In the material below, find the line with "Welcome to Blender" and the line with "Welcome back to", then output both and every line between them exactly, omitting pictures.

** Records follows **

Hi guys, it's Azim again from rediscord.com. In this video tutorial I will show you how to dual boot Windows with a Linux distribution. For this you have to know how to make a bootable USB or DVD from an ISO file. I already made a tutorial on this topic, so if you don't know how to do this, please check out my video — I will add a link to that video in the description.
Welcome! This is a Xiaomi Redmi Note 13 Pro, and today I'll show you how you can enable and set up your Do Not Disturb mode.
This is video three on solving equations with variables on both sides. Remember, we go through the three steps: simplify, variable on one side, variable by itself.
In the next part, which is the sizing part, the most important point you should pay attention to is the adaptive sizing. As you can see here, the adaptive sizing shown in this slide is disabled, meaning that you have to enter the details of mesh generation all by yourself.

** End of Records **
** Records follows **

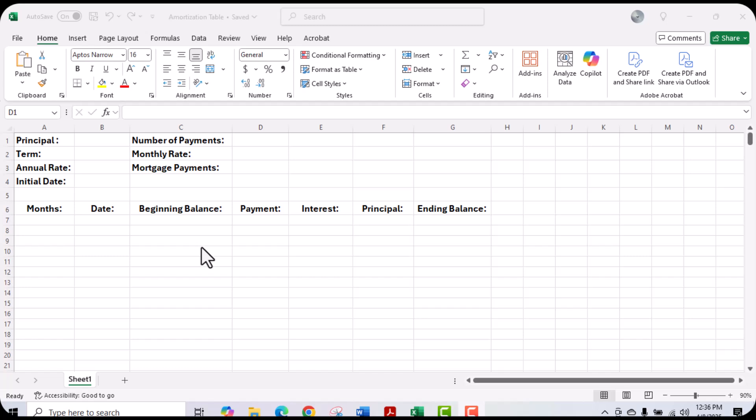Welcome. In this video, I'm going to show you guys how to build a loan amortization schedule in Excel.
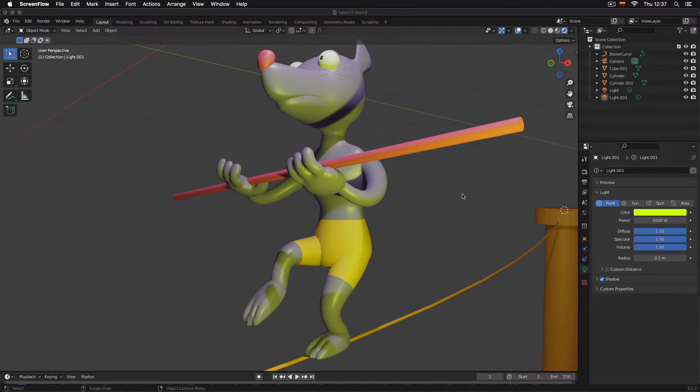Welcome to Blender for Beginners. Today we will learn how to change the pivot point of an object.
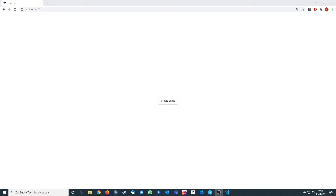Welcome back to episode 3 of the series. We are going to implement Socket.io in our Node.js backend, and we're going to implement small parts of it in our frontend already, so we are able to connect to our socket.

** End of Records **

— Result —
Welcome to Blender for Beginners. Today we will learn how to change the pivot point of an object.
Welcome back to episode 3 of the series. We are going to implement Socket.io in our Node.js backend, and we're going to implement small parts of it in our frontend already, so we are able to connect to our socket.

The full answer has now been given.